# Cubase - Default MIDI velocity - can it be changed?



## Jimmy Hellfire (May 31, 2018)

Dumb question perhaps. I haven't been able to find such an option in the preferences - or am I going blind?

I find velocity 100 to be a way too high value for clicking in MIDI notes in the piano roll. It blows my ears off, and I don't think it makes sense either. At least not for orchestral stuff - for many libraries, velocity 100 and higher is already well in the mf or even f range and that's probably not where you wanna be most of the time by default anyway.

There must be some hidden way to change this between all the Cubase bloatware features?


----------



## T.j. (May 31, 2018)

Jimmy Hellfire said:


> Dumb question perhaps.
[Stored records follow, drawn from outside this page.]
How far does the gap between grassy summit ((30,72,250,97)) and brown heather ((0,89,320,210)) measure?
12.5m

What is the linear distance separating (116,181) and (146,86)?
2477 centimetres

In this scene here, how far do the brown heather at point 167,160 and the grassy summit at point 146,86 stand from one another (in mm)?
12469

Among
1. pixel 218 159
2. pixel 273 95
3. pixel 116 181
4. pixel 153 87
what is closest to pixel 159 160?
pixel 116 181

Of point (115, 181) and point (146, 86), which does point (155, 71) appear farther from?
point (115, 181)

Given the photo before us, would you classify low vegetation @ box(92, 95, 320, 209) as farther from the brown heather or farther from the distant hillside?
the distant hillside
I haven't been able to find such an option in the preferences - or am I going blind?
> 
> I find velocity 100 to be a way too high value for clicking in MIDI notes in the piano roll. It blows my ears off, and I don't think it makes sense either. At least not for orchestral stuff - for many libraries, velocity 100 and higher is already well in the mf or even f range and that's probably not where you wanna be most of the time by default anyway.
> 
> There must be some hidden way to change this between all the Cubase bloatware features?
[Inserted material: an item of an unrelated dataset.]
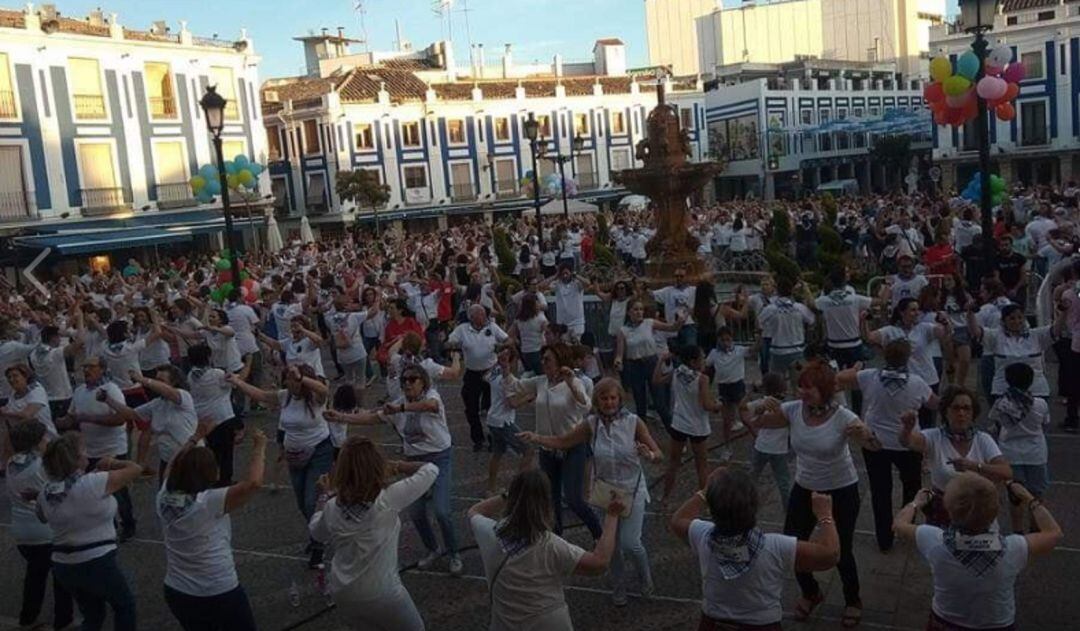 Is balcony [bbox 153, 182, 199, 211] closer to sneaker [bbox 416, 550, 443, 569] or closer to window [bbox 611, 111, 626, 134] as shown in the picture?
window [bbox 611, 111, 626, 134]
'Insert Velocity' in the midi editor. 
Right click if you don't see it


----------



## Jimmy Hellfire (May 31, 2018)

T.j. said:


> 'Insert Velocity' in the midi editor.
> Right click if you don't see it



I owe you a drink. I hid that option as I was trying to un-clutter that whole upper lane. Thanks a million!


----------



## seanylord (May 21, 2020)

INSERT VELOCITY DOES NOTHING


----------



## greggybud (May 22, 2020)

seanylord said:


> INSERT VELOCITY DOES NOTHING


Interesting. It certainly does here. And I have several KC's for pre-defined velocities that work as well. Everything working as intended.


----------